Corrado Vichi


Le persone più attempate ricordano come Corrado Vichi si rivolgeva ai fascisti paesani: “Non mi toccate la bicicletta che poi sono costretto a disinfettarla”. Episodi come questi diventarono proverbiali attirando sul nostro nubi minacciose accompagnate da bastonature e olio di ricino. Per evitare conseguenze più gravi, Corrado fu costretto ad emigrare in Francia dove lavorò come cameriere per quindici anni.

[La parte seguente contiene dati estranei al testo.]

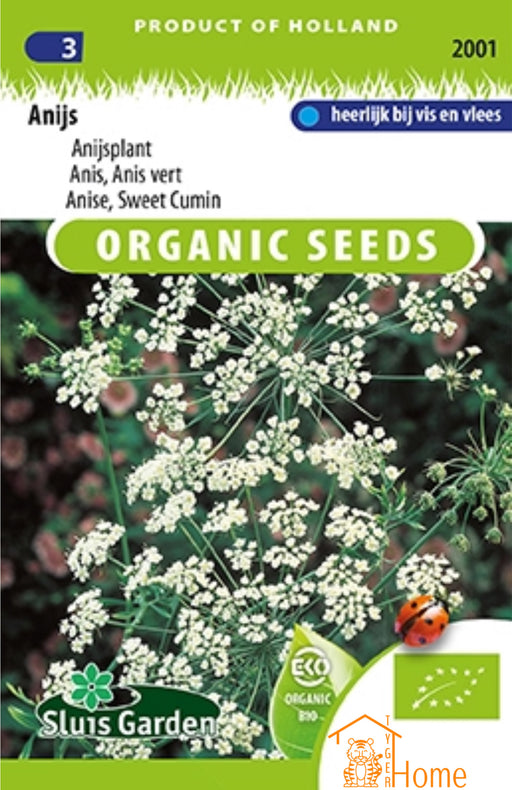 Anijsplant Zaden: Kweek heerlijke, aromatische anijs in je eigen tuin. Grow delicious, aromatic anise for flavorful dishes and teas. Cultivez de l'anis savoureux et aromatique pour des plats et infusions parfumés.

Al rientro  a Buti fu il primo segretario della Sezione del Partito Comunista. Ad attestare l’autorevolezza conquistata per il suo passato di coerente antifascista, si ricorda un episodio in occasione del rapporto Kruscev al XX congresso del PCUS , che segna l’inizio di un processo comunemente definito “destalinizzazione”, in virtù del quale vi fu la definitiva caduta del regime totalitario e una parziale liberalizzazione della vita politica e culturale dell’URSS. Il PCI incontrò forti resistenze a far passare alla base le nuove posizioni. La Federazione di Pisa inviò a Buti un giovane funzionario, Anselmo Pucci (dirigente contadino molto stimato anche qui in paese), a dettare la linea. Sfortunatamente per lui dovette confrontarsi con Corrado Vichi che lo apostrofò così: “O bimbo, digli al Paolicchi (il segretario della Federazione di allora) che venga lui a spiegarmelo cosa è stato il compagno Stalin”. E al Pucci, che stimava incondizionatamente il Vichi per quel passato cui si faceva cenno sopra, toccò tornarsene a Pisa con la coda tra le gambe. Così il Pucci raccontò l’episodio  alla Patrizia Dini, che gli fu collaboratrice per tanti anni alla Regione.